**What you will do:** What is needed is an exact reproduction of the lines from the one that contains "TAXI CANTEMIR —" through the end of the data, both included and nothing else, with pictures omitted.

--------

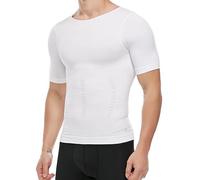 Camiseta de compresión para Hombre, Camiseta de Tirantes Adelgazante, Chaleco de Entrenamiento Abdominales y Abdomen, Moldeador de Cuerpo Delgado, Blanco, L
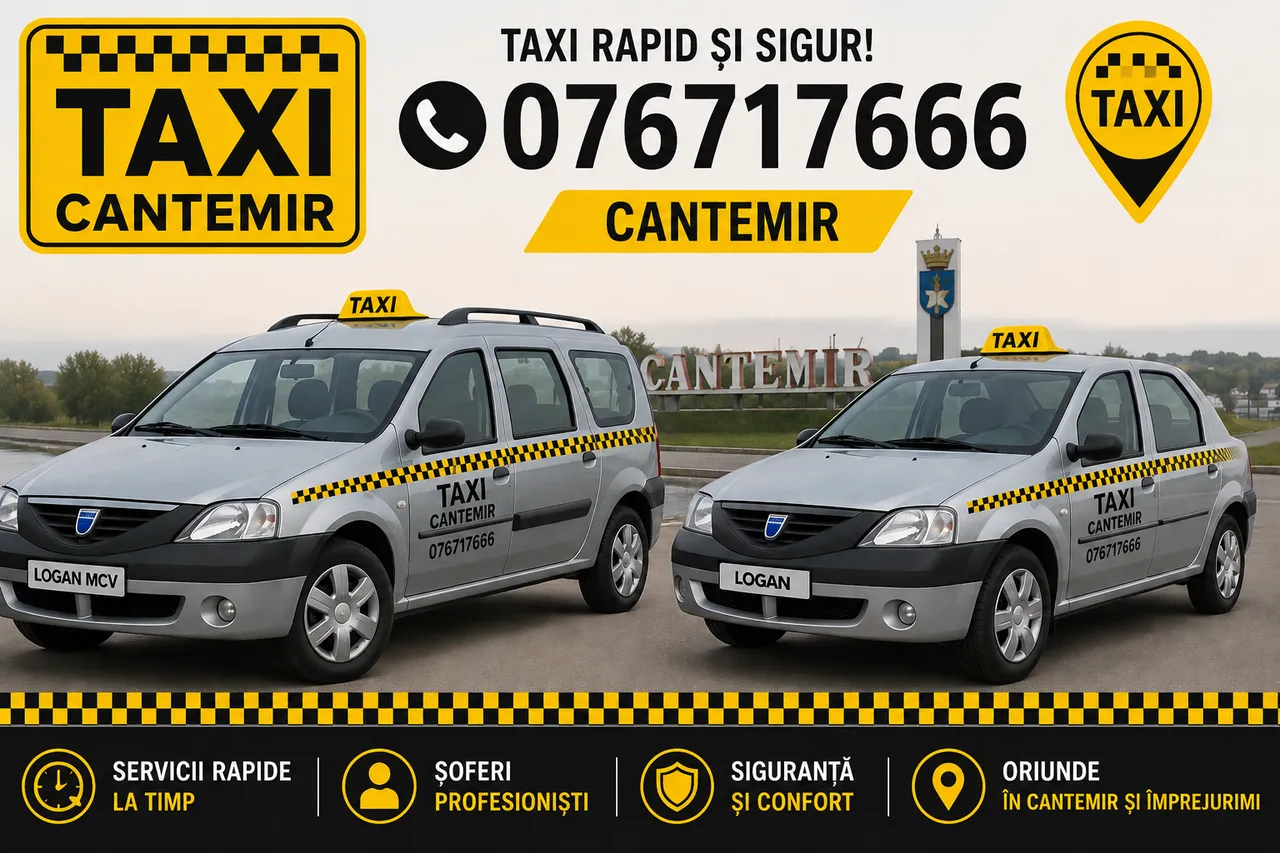 TAXI CANTEMIR — flota de Dacia Logan și Logan MCV · 076 717 666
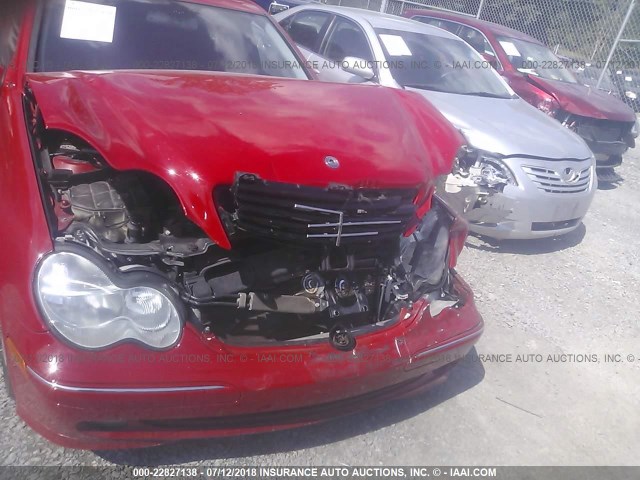 WDBRF40JX4F527129 - 2004 MERCEDES-BENZ C 230K SPORT SEDAN RED photo 6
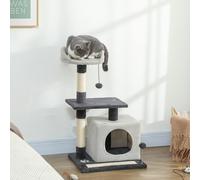 PawHut Arbre à Chat 85 cm avec Caverne, Plateformes et Poteaux Sisal - Gris clair/Noir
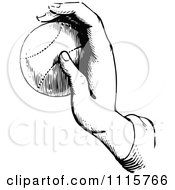 Poster, Art Print Of Retro Vintage Black And White Hand Holding A Tennis Ball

--------

**Answer section:**
 TAXI CANTEMIR — flota de Dacia Logan și Logan MCV · 076 717 666
 WDBRF40JX4F527129 - 2004 MERCEDES-BENZ C 230K SPORT SEDAN RED photo 6
 PawHut Arbre à Chat 85 cm avec Caverne, Plateformes et Poteaux Sisal - Gris clair/Noir
 Poster, Art Print Of Retro Vintage Black And White Hand Holding A Tennis Ball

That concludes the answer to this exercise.